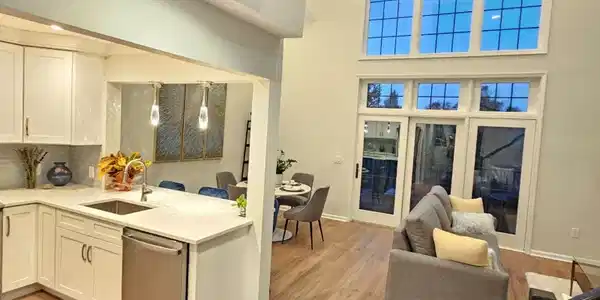 5 Maple Cres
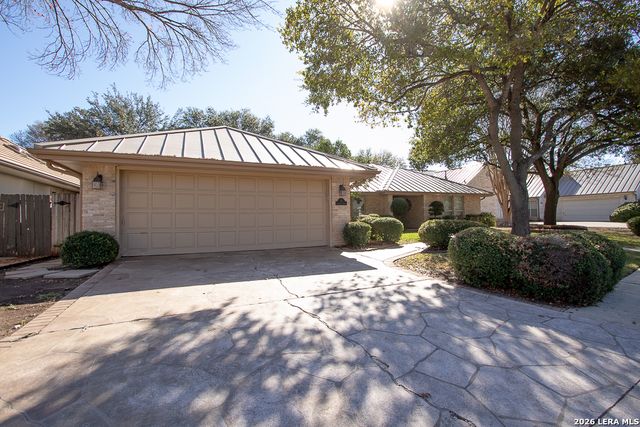 8 Granburg Pl, San Antonio, TX 78218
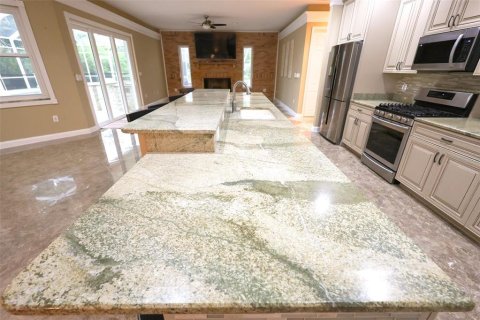 Casa en alquiler en Clearwater, Florida, 5 dormitorios, 385.64 m2 № 1718121 - foto 11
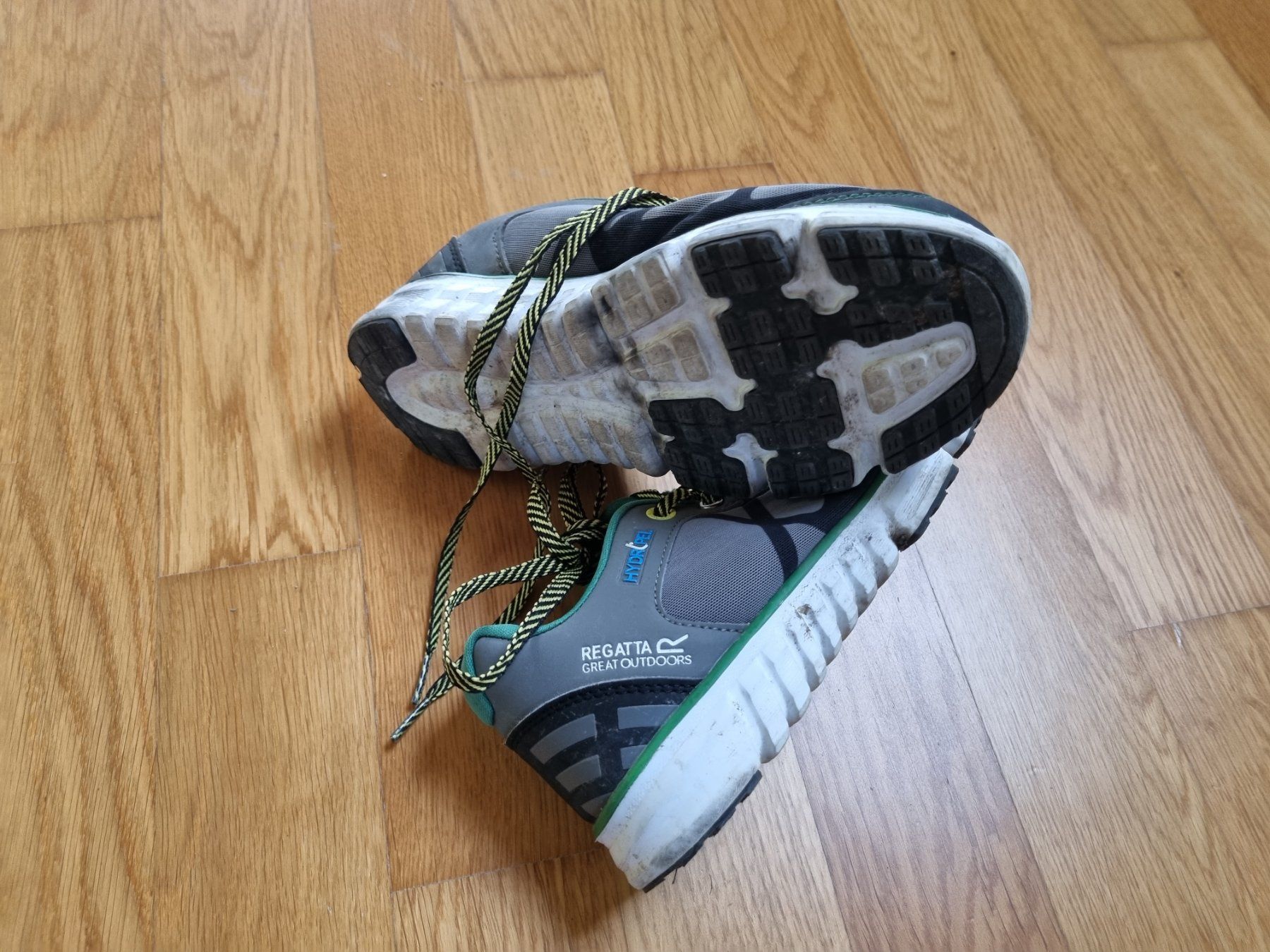 Scarpe da uomo: Turnschuhe, Marke Regatta, Grösse 33 – Usato da Rothenfluh venduto da Sawi80 3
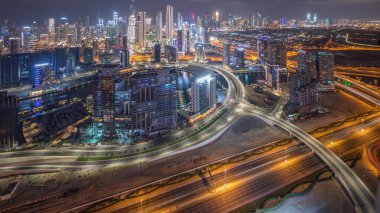 Panorama, Dubai 'nin ufuk çizgisini iş sahası ve şehir merkezi zaman çizelgesiyle gösteriyor. Birçok modern gökdelenin ve Al Khail yolundaki yoğun trafiğin havadan görüntüsü. Birleşik Arap Emirlikleri.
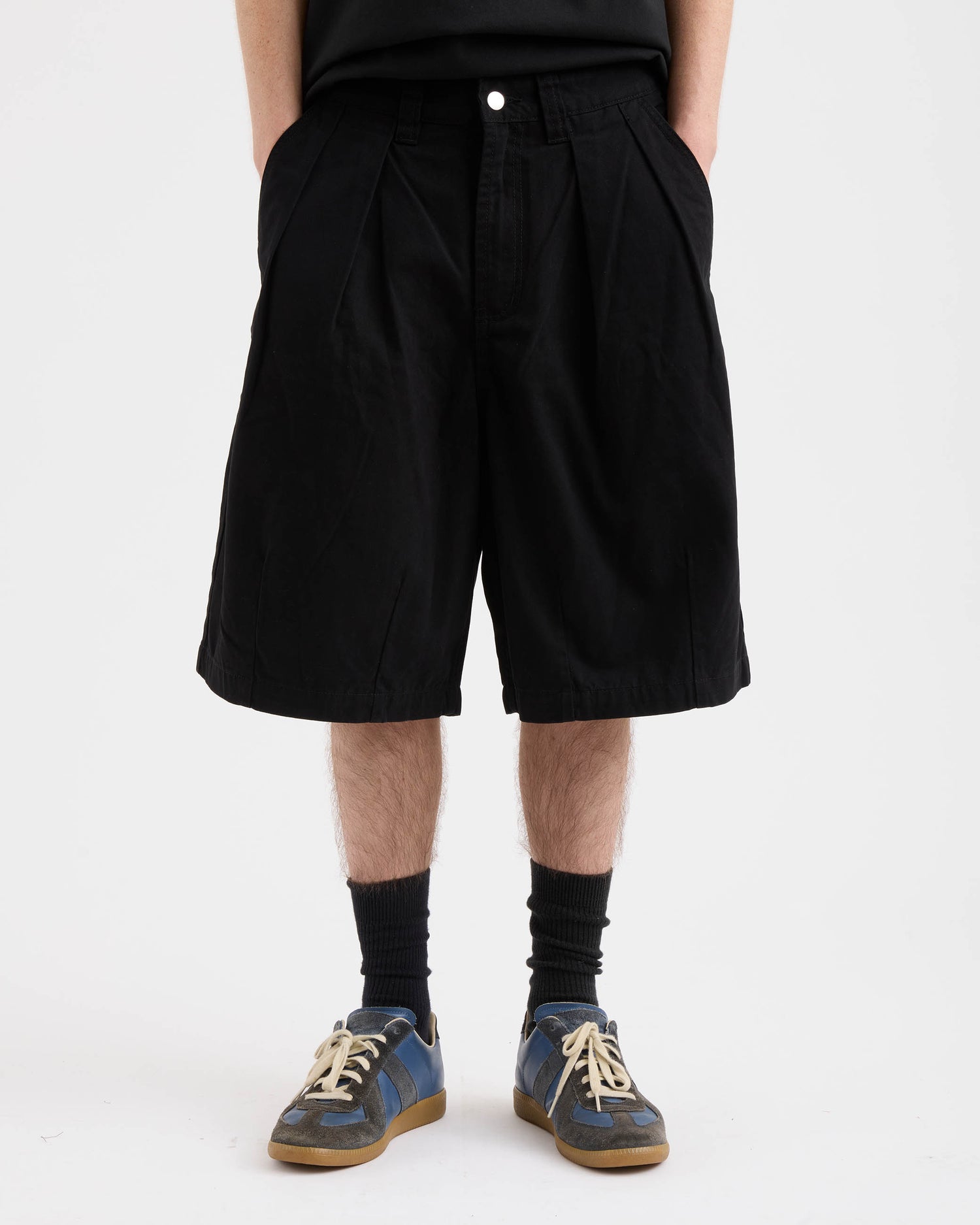 Pleated Balloon Shorts - Washed Black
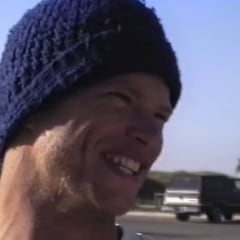 El icónico surfista Chris Brown murió ahogado tras caer por un acantilado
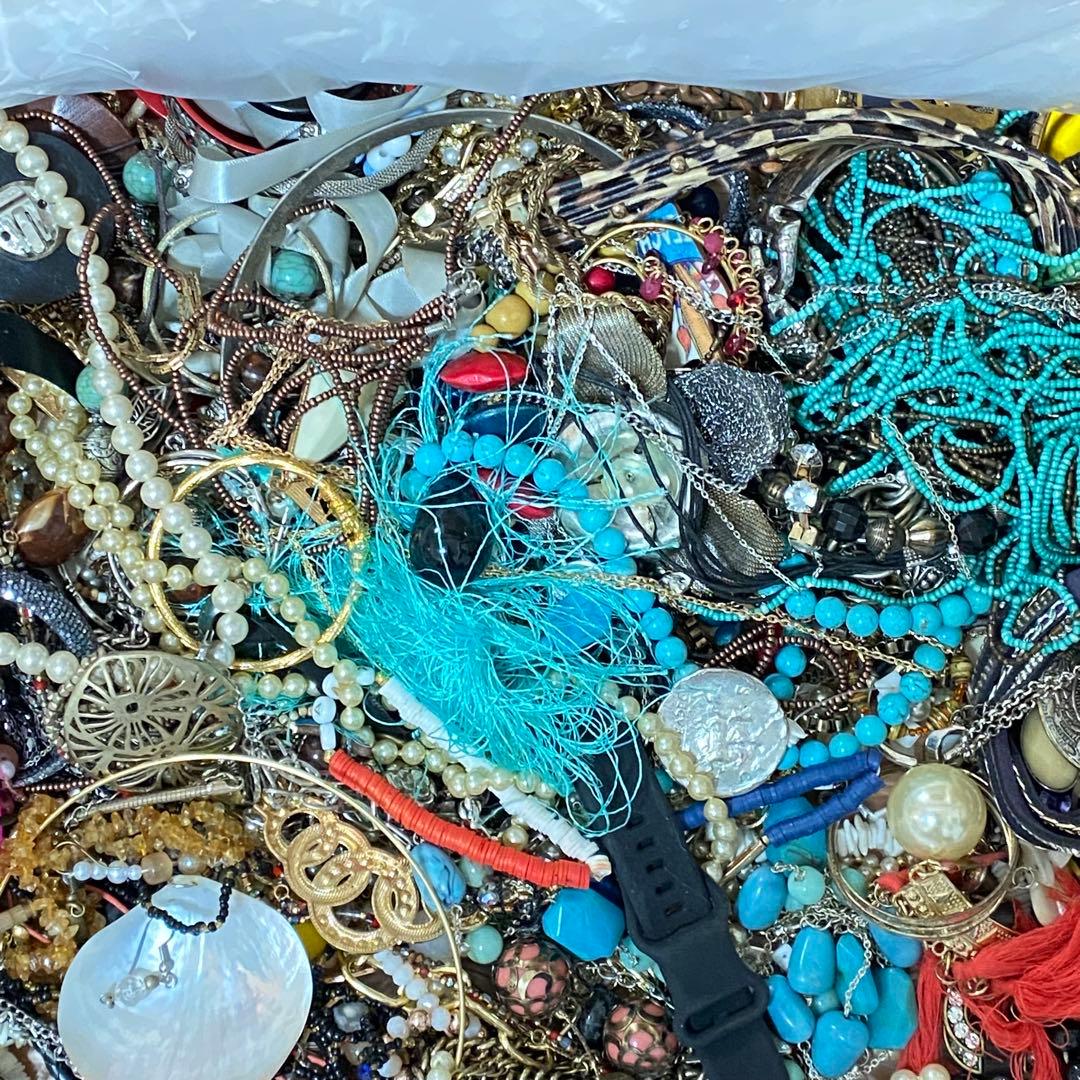 大量 まとめ売り ジャンク 未選別 アクセサリー色々⑤ 約6.6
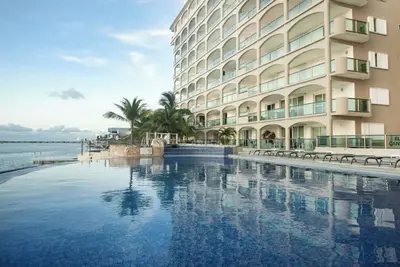 Image de Romantic 7th-Floor Oceanfront Escape: 2br/2ba, Dive Pier & Views!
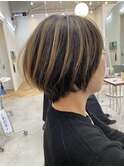 丸みマッシュボブ◎ハイライトくすみベージュ小顔バレイヤージュ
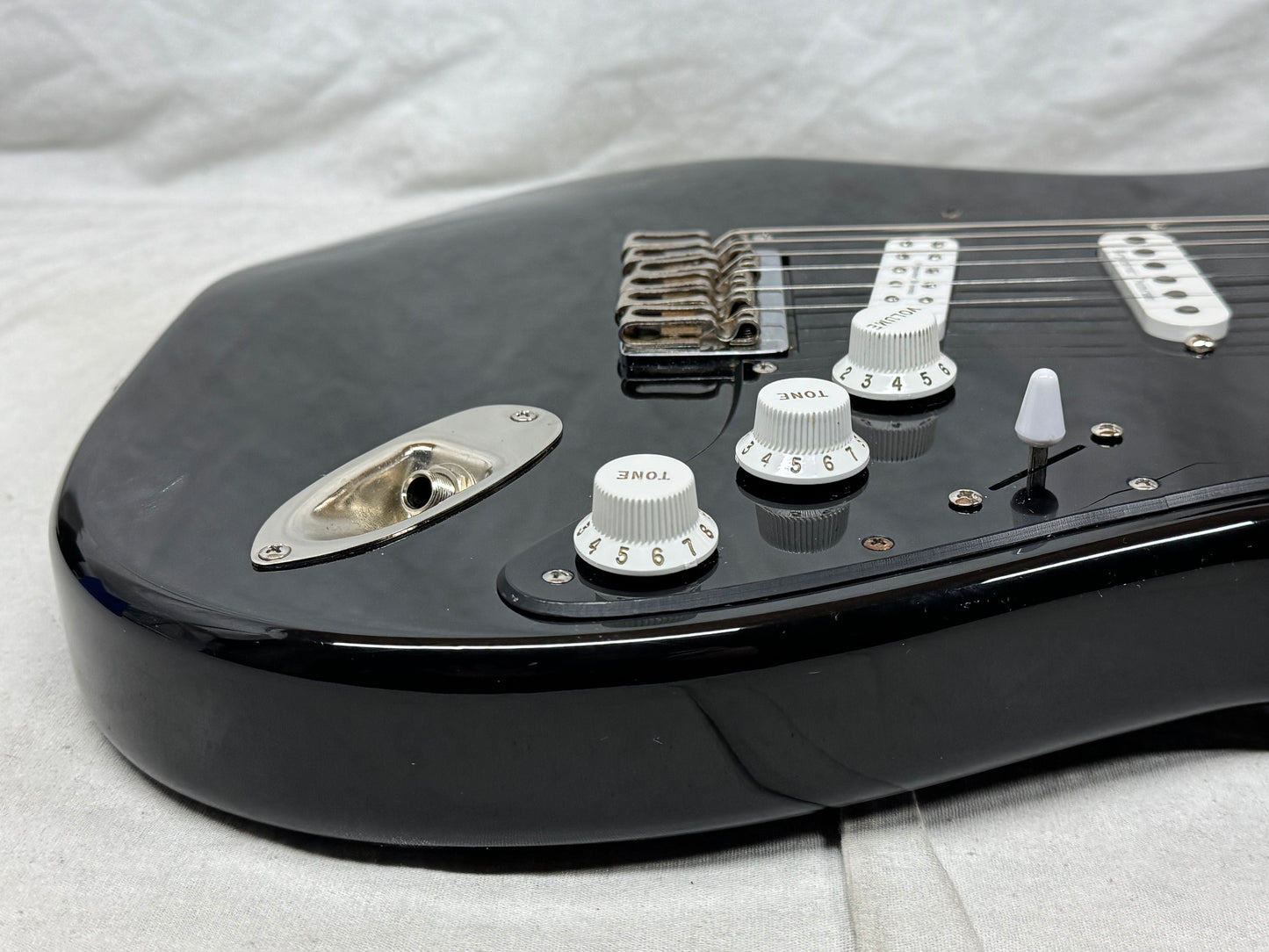 Hamer USA Daytona Guitar S-style with Case - Black / Maple neck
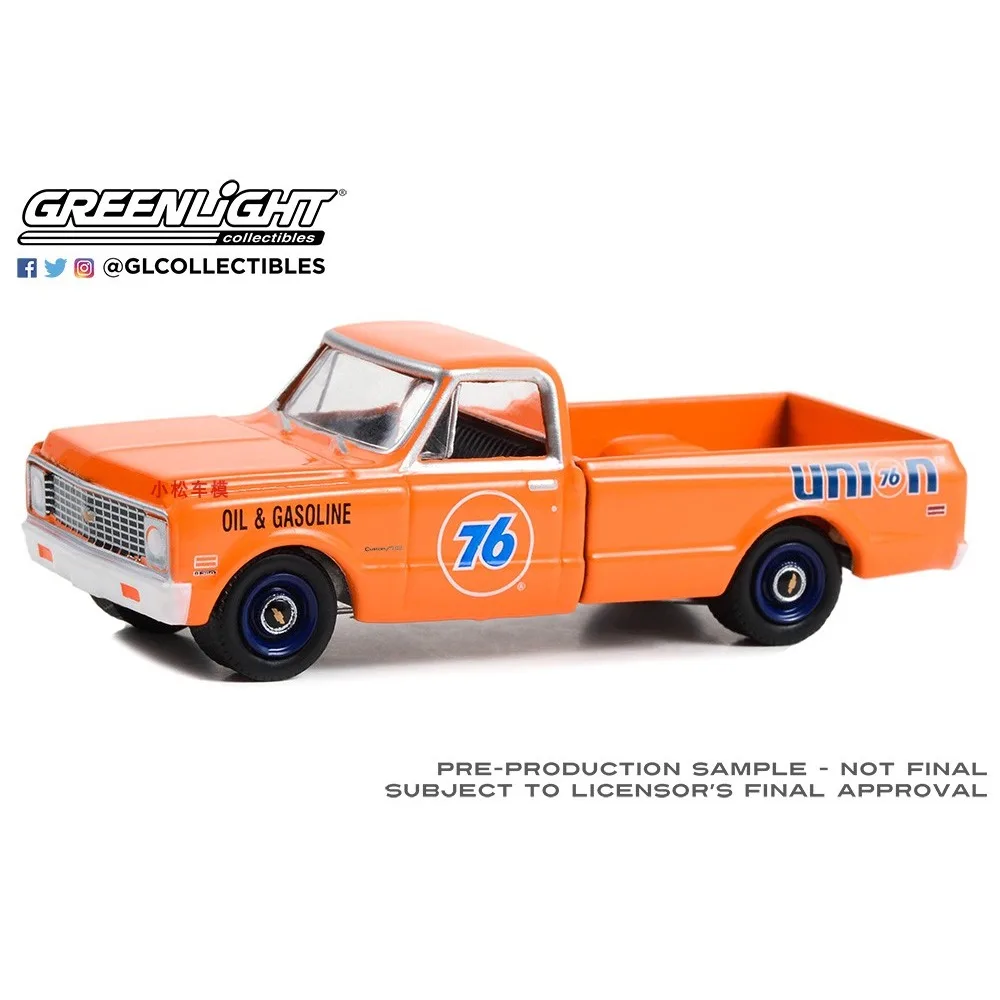 1:64 1972 Chevrolet C-10- Union 76 feiert den 90-jährigen Jubiläum Advanced Collection Ornament Automodelle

==*==

- TASK:
In the entries above, find the line containing "Casa en alquiler" and the line containing "Hamer USA Daytona", then copy both and every line between them exactly, without any picture.

- REPLY TO THE EXERCISE:
 Casa en alquiler en Clearwater, Florida, 5 dormitorios, 385.64 m2 № 1718121 - foto 11
 Scarpe da uomo: Turnschuhe, Marke Regatta, Grösse 33 – Usato da Rothenfluh venduto da Sawi80 3
 Panorama, Dubai 'nin ufuk çizgisini iş sahası ve şehir merkezi zaman çizelgesiyle gösteriyor. Birçok modern gökdelenin ve Al Khail yolundaki yoğun trafiğin havadan görüntüsü. Birleşik Arap Emirlikleri.
 Pleated Balloon Shorts - Washed Black
 El icónico surfista Chris Brown murió ahogado tras caer por un acantilado
 大量 まとめ売り ジャンク 未選別 アクセサリー色々⑤ 約6.6
 Image de Romantic 7th-Floor Oceanfront Escape: 2br/2ba, Dive Pier & Views!
 丸みマッシュボブ◎ハイライトくすみベージュ小顔バレイヤージュ
 Hamer USA Daytona Guitar S-style with Case - Black / Maple neck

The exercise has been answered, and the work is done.